Marco Polo había pasado ya por valles y montañas. Éxitos y fracasos. Aplausos y dolores inenarrables. Uno de ellos fue cuando estaba a mitad de camino en la facultad de medicina y atravesó por una grave crisis depresiva. Fue entonces que se dio cuenta de que las lágrimas que no tenemos el valor de derramar son más dramáticas que las que se presentan en el teatro del rostro. En ese periodo él estaba en Brasil, un país maravilloso, bellísimo, pero que no valora a sus científicos con la importancia que merecen en la producción de ciencias básicas.
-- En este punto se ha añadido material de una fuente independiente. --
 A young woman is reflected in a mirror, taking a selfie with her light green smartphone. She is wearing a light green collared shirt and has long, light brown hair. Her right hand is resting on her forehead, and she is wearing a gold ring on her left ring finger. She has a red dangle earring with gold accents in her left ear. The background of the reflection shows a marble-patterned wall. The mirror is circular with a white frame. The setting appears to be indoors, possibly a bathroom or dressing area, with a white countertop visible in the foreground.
En la facultad de medicina, Marco Polo comenzó a crear ciencia básica, teórica, sobre la construcción de pensamientos, los tipos de pensamientos, la naturaleza de los pensamientos, los procesos de construcción y formación del Yo como gestor de la mente humana. Era un estudiante atrevido, que levantaba la mano y cuestionaba a los profesores de psicología y de psiquiatría, porque pensaba críticamente. No lograba ser un estudiante común, que sólo reproducía lo que sus maestros le enseñaban. Por eso, desde la facultad ya causaba alborotos en el salón de clases. Después de graduado y de escribir cientos de páginas, se mudó a Estados Unidos y continuó su trayectoria como productor de conocimiento sobre el más complejo e intrigante de todos los planetas: el planeta mente, irrigado por los océanos de las emociones. Estudiar la naturaleza, los tipos y procesos constructivos del pensamiento era de hecho un asunto de máxima complejidad. Tal vez fuera la última frontera de la ciencia, pues en el fondo el pensamiento dialéctico y antidialéctico son el material esencial para tejer la consciencia existencial, incluso la producción de la ciencia, la literatura, la política y las relaciones sociales.
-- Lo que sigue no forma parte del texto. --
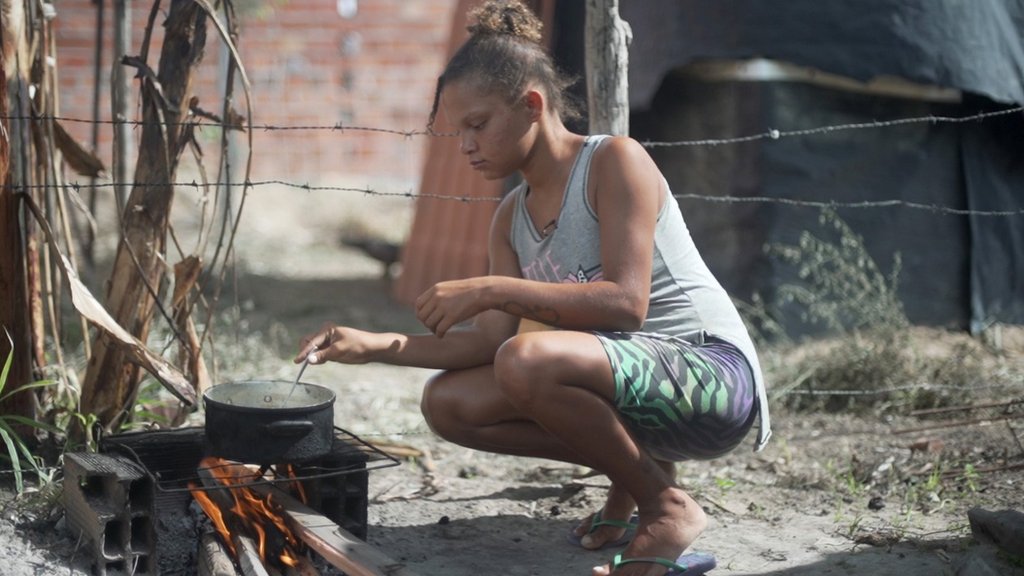 Jamile Carvalho cozinhando em um fogão improvisado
Marco Polo explicó que la educación basada en el pensamiento dialéctico, o lógico, canalizada por técnicas expositivas de información en el salón de clase, funcionó con muchos defectos hasta la era digital, aunque no formara pensadores en masa. Sin embargo, en la era de los dispositivos digitales, en la cual la información ganó en relevancia, los seres humanos liberaron el pensamiento antidialéctico, quedaron viciados con las imágenes y se volvieron aburridos, capaces de estresar y agotar la mente de los alumnos. Ellos son clientes que no quieren estar en el salón de clases.

—Los profesores se convirtieron en cocineros del conocimiento dialéctico para una audiencia que no tiene apetito. Ellos tienen apetito antidialéctico y sólo se aliviarán si liberan su propia imaginación para construir, participar e involucrarse emocionalmente en cada clase —afirmó Marco Polo.

Era difícil de entender lo que decía, pues hablaba de elementos intangibles, que actuaban en los bastidores de la mente. Sin embargo, enseguida decidió presentar algunas técnicas claras para revolucionar el teatro de la educación.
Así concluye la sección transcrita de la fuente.